The company said the Alliance for Audited Media qualified circulation will decline over time, and the rate base guarantees for the second half of the year will be an average of circulation served by issue throughout the second-half 2013 period.

As a result of the new strategy, effective with the January 2014 issue, Reader's Digest will lower its rate base guarantee for advertisers to 3 million; and

• Reader's Digest will introduce a more profitable subscription pricing structure while maintaining price stabilization for existing customers. The company said it will discontinue its unprofitable introductory offers and eliminate some of the price confusion around subscription pricing for its products.

"The new rate base strategy will deliver a more profitable, sustainable business for the brand, a better experience for the consumer and a more effective environment for our advertisers," Guth said in the release.
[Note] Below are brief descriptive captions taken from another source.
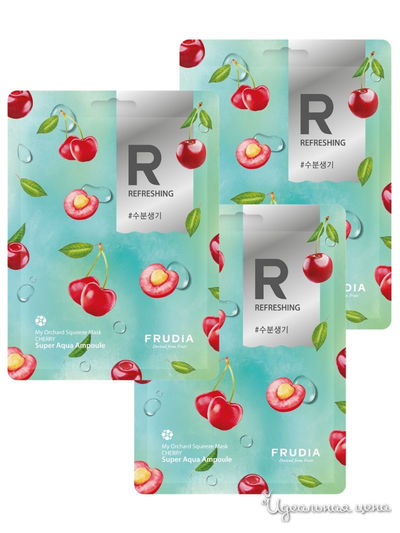 Раз глаживающая маска с для лица с вишней, 3 шт, Frudia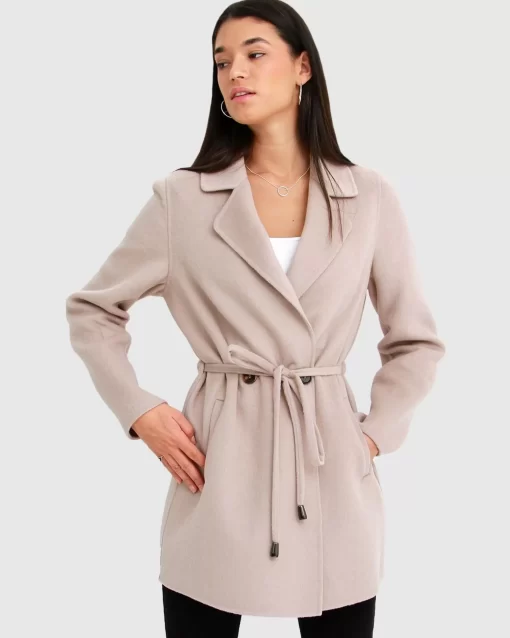 Belle & Bloom Electric Feel Drawstring Coat - Sand Best Sale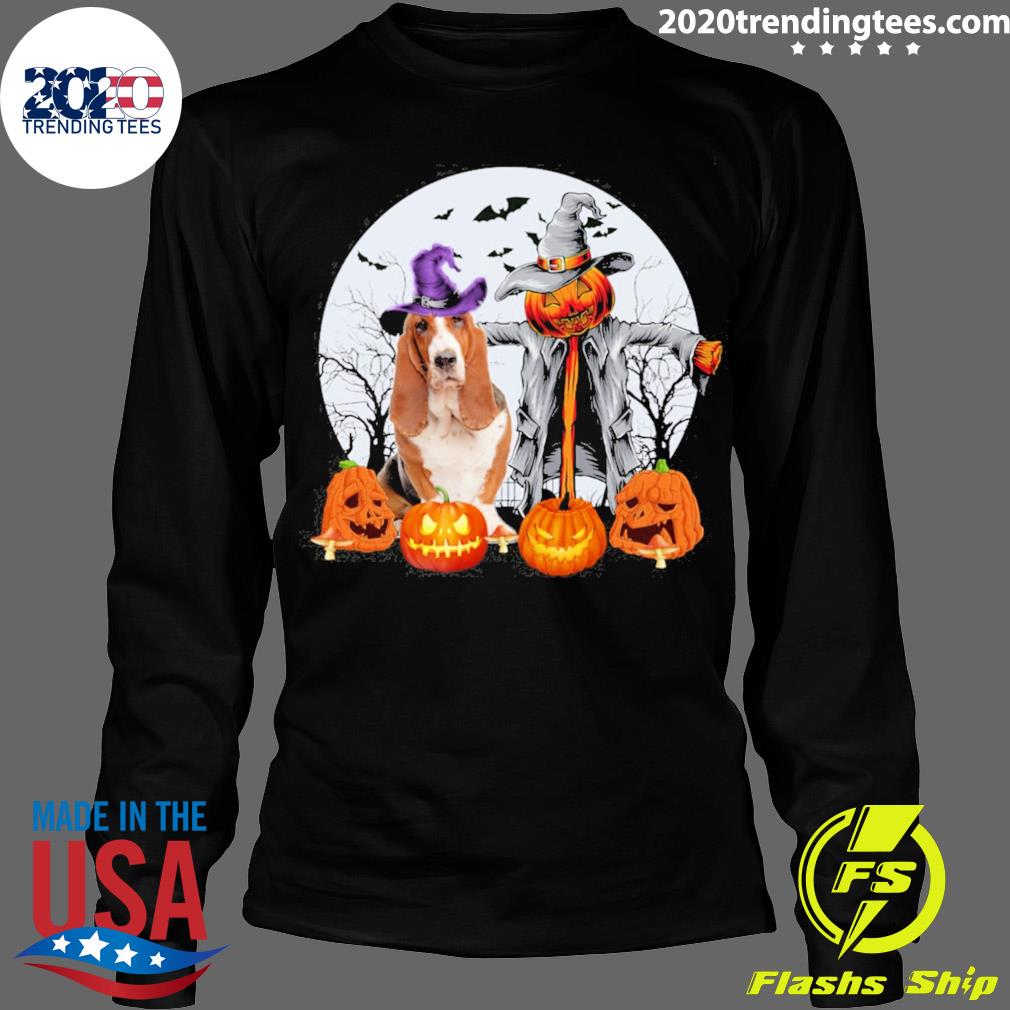 Official halloween Scarecrow Black Basset Hound - Adult & Kids T-Shirts, Sweatshirts & Hoodies apparel design preview 4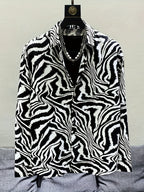 Men'S Trendy Retro Slim-Fit Long-Sleeve Shirt with a Zebra Pattern for Spring And Summer in The Middle East, Wrinkle-Free And Lightweight - Black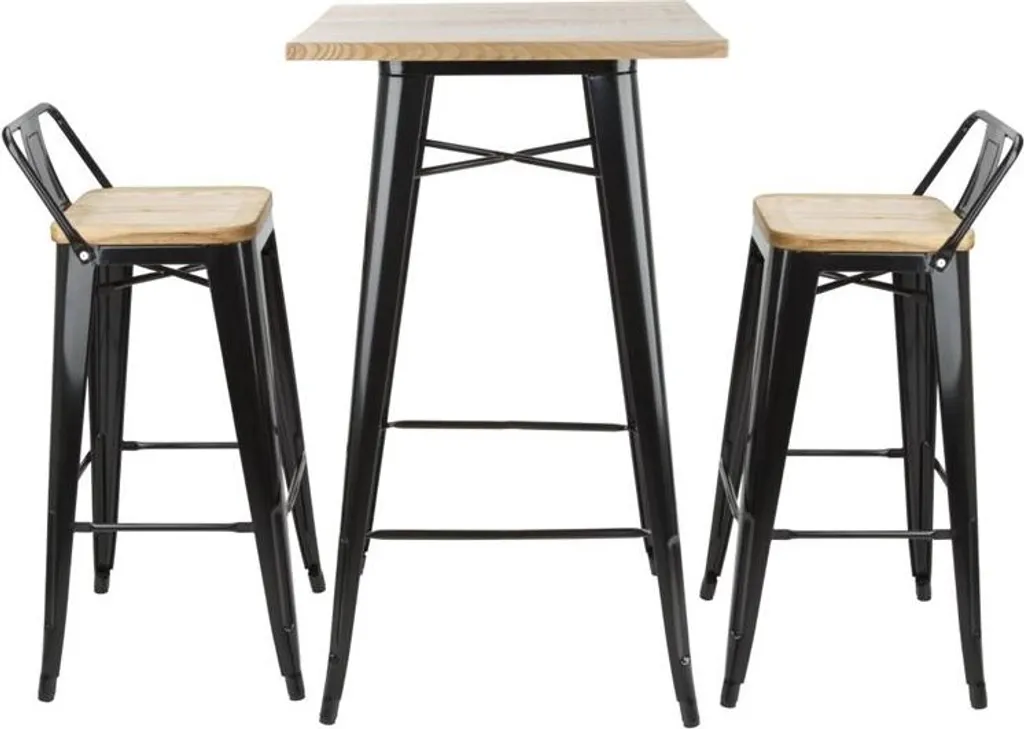 Table de bar Bolero Bistro avec plateau en bois noir 60x60cm robuste - 10
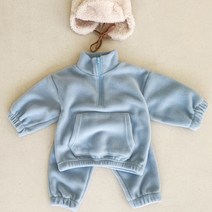 베베나인 아동용 마카롱 반집업 상하의 세트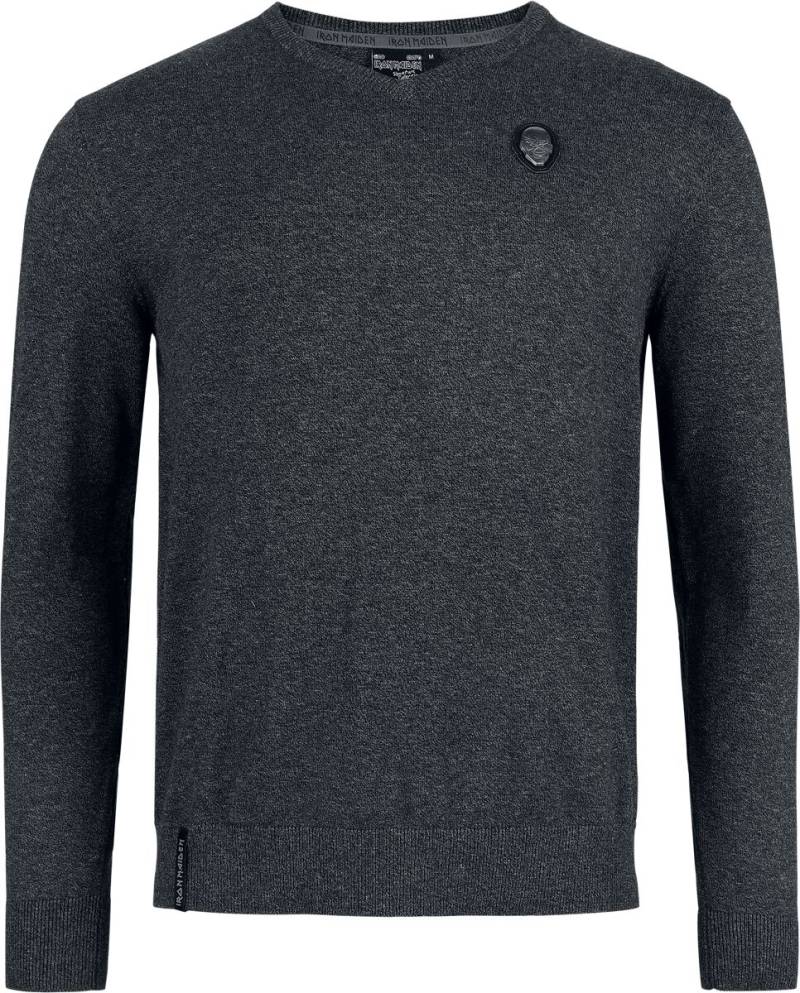 Iron Maiden Strickpullover - EMP Signature Collection - M bis 3XL - für Männer - Größe M - dunkelgrau meliert  - EMP exklusives Merchandise! von Iron Maiden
"More than ever, we want to take smart, decisive actions that will put our business on a stronger path for the long-term, and this means rethinking business practices and questioning accepted industry convention.

"Now our partners can more effectively reach our most engaged readership, our readers have an improved experience, and [the company] will have a more sustainable business."

Customer pledge

Building on its decision to increase the publication of Reader's Digest magazine from 10 to 12 issues annually, the company said it has plans to enhance its pledge to its customers with premium products and improved services on a number of fronts, including a significantly more favorable editorial/ad ratio than the 50%/50% average for the competitive set.

In addition, the company will enhance its customer offer in the following ways:

• Beginning in the winter of 2014, Reader's Digest will have a refreshed, modern look;

• The company will continue to add new products and enhancements to its Taste of Home upgrade.

• Reader's Digest moved its customer care centers back to the United States for all English-speaking customers, improving its ability to interact live and digitally with customers; and

• As of emergence the company will have licensed operations in Iberia, the United Kingdom, India, the Nordic and French regions, Hungary, Poland and Romania.

Reader's Digest said it continues to focus on new marketing approaches, including digital and business-to-business campaigns for all of its websites and partner websites, and on the improvement of its content offerings.

The company said it is also building new tools to support its ongoing customer-centric focus, with the first software tools to be introduced in Brazil in September.

Reader's Digest, a subsidiary of RDA Holding Co., is a media and direct marketing company based in New York. The company filed for bankruptcy on Feb. 17 under Chapter 11 case number 13-22233.